• Records provided
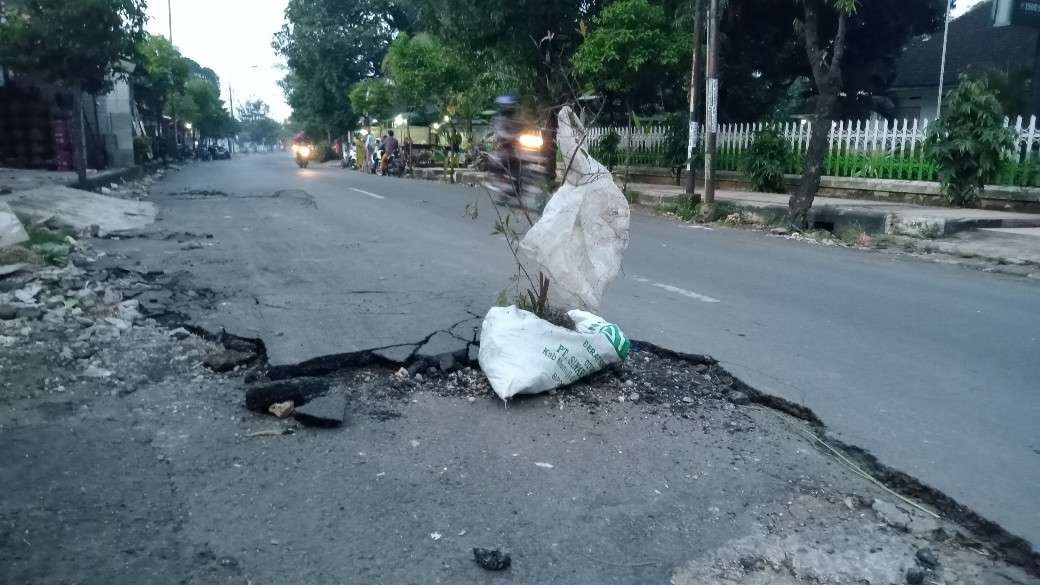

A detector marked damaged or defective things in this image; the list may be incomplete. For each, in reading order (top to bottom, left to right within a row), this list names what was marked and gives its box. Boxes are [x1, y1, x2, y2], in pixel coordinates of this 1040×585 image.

cracked asphalt road [101, 150, 1040, 545]
broken asphalt chunk [243, 374, 328, 412]
broken asphalt chunk [293, 393, 349, 426]
broken asphalt chunk [472, 545, 511, 570]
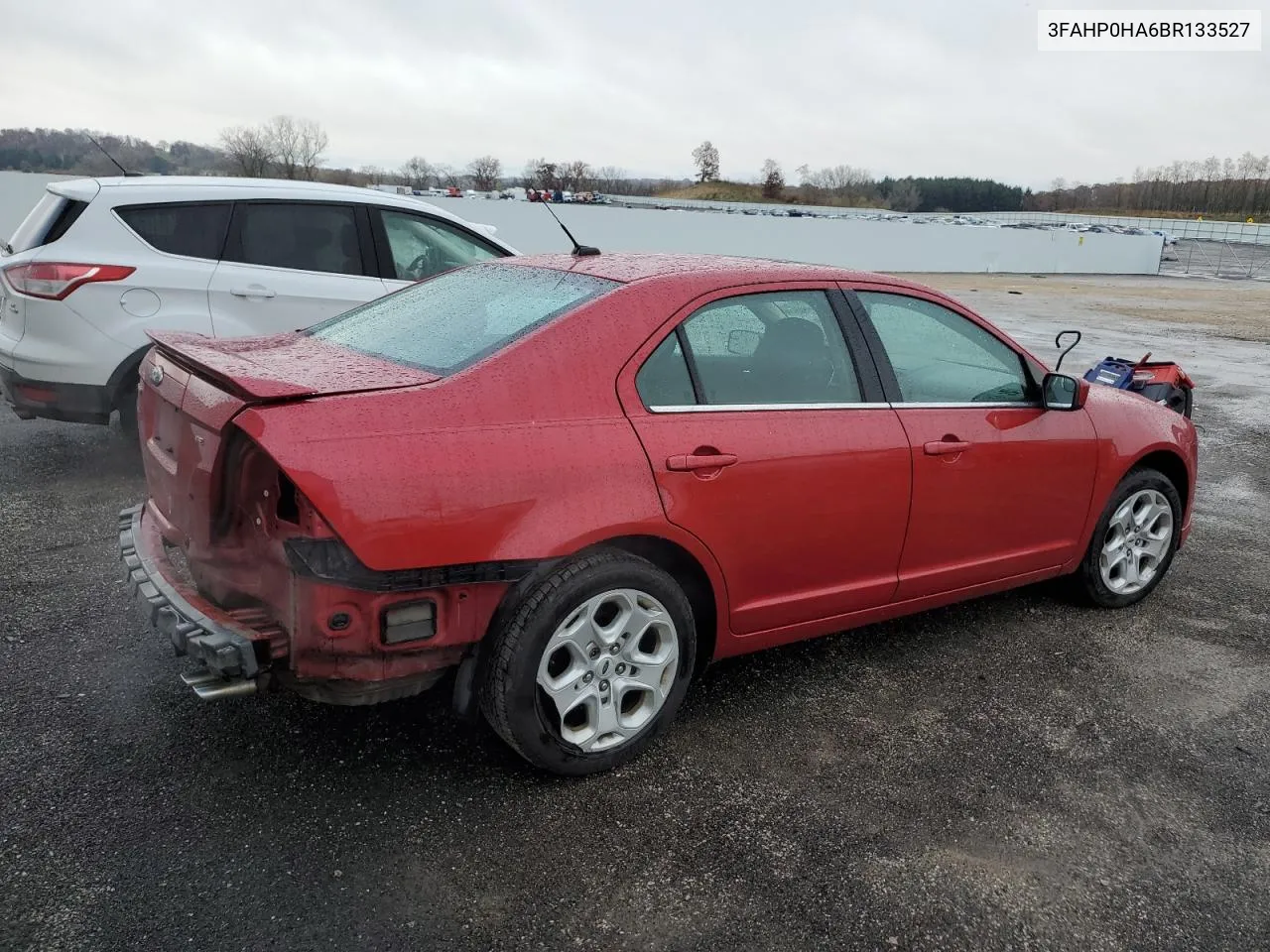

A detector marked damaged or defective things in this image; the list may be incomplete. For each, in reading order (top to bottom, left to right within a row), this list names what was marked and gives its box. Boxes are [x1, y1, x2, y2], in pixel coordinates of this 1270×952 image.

damaged rear bumper [117, 508, 262, 700]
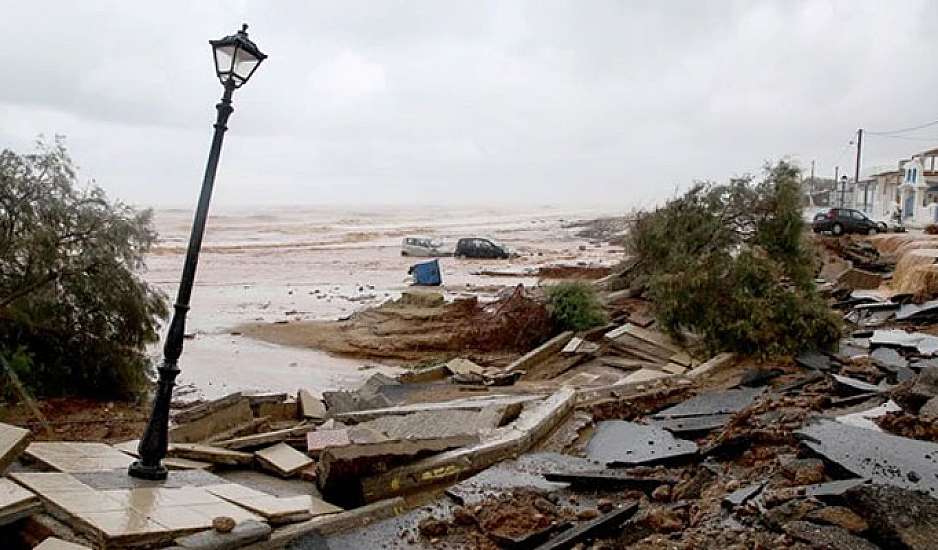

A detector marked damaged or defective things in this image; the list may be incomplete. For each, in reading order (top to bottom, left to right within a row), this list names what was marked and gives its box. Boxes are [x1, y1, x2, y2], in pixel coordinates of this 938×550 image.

broken pavement slabs [584, 422, 696, 470]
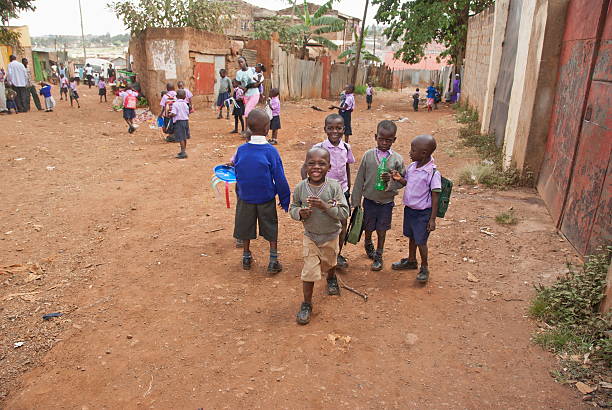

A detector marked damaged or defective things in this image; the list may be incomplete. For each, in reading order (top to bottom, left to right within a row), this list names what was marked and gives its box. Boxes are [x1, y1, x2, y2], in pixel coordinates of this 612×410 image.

rusty metal sheet [488, 0, 520, 147]
rusty metal sheet [560, 80, 608, 253]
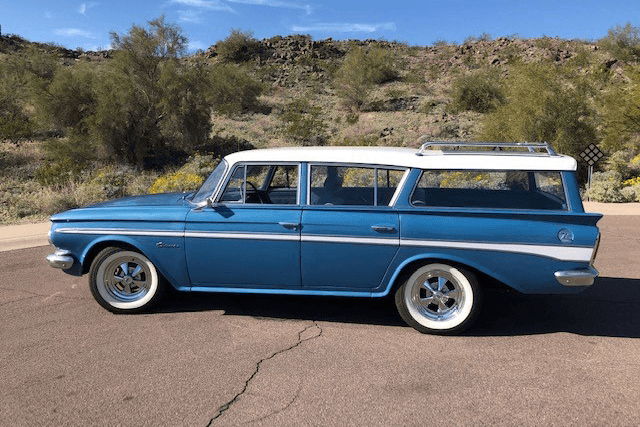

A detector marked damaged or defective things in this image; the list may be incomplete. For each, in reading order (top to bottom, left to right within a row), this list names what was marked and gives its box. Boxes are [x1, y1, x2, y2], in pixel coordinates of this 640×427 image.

crack in asphalt [208, 320, 322, 424]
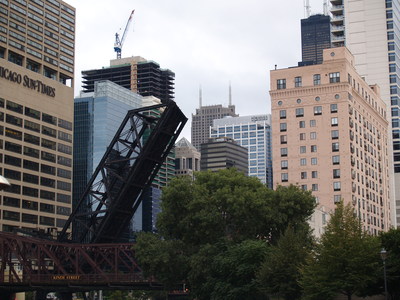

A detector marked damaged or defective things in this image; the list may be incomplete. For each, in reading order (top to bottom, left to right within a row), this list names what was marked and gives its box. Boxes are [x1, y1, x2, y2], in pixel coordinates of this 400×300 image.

rusty steel truss [59, 101, 188, 244]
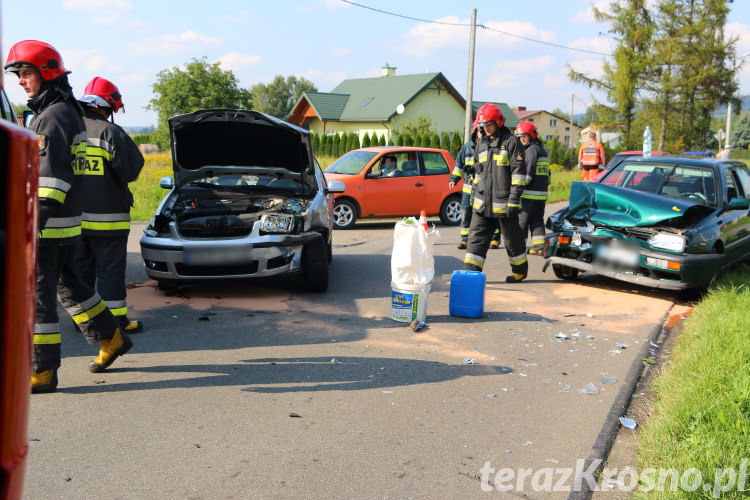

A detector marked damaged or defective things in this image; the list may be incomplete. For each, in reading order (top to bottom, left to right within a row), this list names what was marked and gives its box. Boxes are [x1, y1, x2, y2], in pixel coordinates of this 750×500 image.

silver damaged car [141, 107, 346, 292]
green damaged car [544, 156, 750, 290]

• Assigned task
Beginning with the line that holds "this 612×410 image.", write out exactly the lines down to the end of the material above, and no others. Pictures are not part of the copy.

• Exercise output
A detector marked damaged or defective things in this image; the list may be incomplete. For each, in reading order (top to bottom, left to right within a row), this list names what was marked and gives its box. Boxes are [x1, y1, x2, y2], in pixel coordinates of this 612×410 image.

rusty metal sheet [488, 0, 520, 147]
rusty metal sheet [560, 80, 608, 253]

A detector marked damaged or defective things in this image; the list may be incomplete. For each, in reading order (top to bottom, left to right within a row), this list names what was marked and gives its box. Boxes are [x1, y1, x2, y2], in pixel coordinates of this 640×427 image.

crack in asphalt [208, 320, 322, 424]

A detector marked damaged or defective things in this image; the list may be incomplete. For each, in reading order (top to bottom, left to right within a row), this list names what was marked and gives its box. Boxes are [x1, y1, x2, y2], in pixel coordinates of this 400×300 image.

rusty steel truss [59, 101, 188, 244]

A detector marked damaged or defective things in this image; the list may be incomplete. For each, in reading order (top to bottom, left to right within a row), this list names what was marked and gives its box. Boxes are [x1, y1, x2, y2], in pixel coordinates of this 750×500 image.

silver damaged car [141, 107, 346, 292]
green damaged car [544, 156, 750, 290]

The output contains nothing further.